The v1.2 paper's Appendix D.1 reports an experiment that failed. We tried to extend Qlro's one-shot calibration into a zero-noise extrapolation (ZNE) method, and unconstrained Richardson beat every calibration-informed variant we wrote. We published this before publishing the follow-up paper on what did work.
What we tried
The thesis: if the Circuit Survival Estimator's calibrated parameters already describe the device's decay law, we should be able to plug those parameters into a ZNE fit and read F(0) off a physics-aware curve instead of the generic polynomial Richardson uses. Four variants:
- Mitiq-style Richardson (the baseline — calibration-free)

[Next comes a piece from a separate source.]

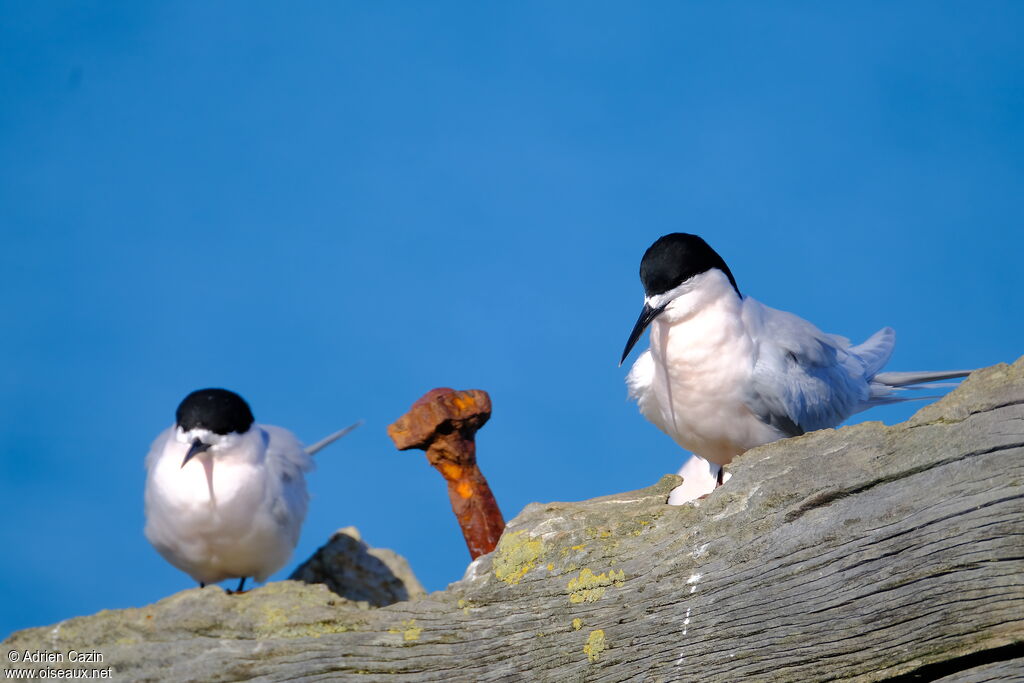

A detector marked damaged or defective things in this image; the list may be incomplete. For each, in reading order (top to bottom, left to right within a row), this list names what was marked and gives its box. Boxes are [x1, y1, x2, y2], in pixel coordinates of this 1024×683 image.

rusted bolt head [387, 387, 491, 450]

- Rigid adaptive: fix the decay shape to K(λ) from our calibration, fit only an amplitude coefficient
- Prior-regularised: add a deviation exponent γ for per-circuit flexibility
- Direct inversion: a single-shot F_ideal = F(1) / K(1)
Three out-of-sample ladder circuits on IQM Garnet (5, 10, and 20 CNOTs). Each method computed against Aer-verified ideal.
What actually happened
Unconstrained Richardson got to a mean residual of 0.103. Our rigid-adaptive fit won at the middle depth (10-CNOT MedLadder, residual 0.014) and then catastrophically overshot the deep ladder (20 CNOTs, F(0) = 1.585 — a fidelity above 1.0, which is physically impossible). Direct inversion clipped to 1.0 on the deeper circuits, carrying no information. No calibration-informed method was consistently better than Richardson across depths.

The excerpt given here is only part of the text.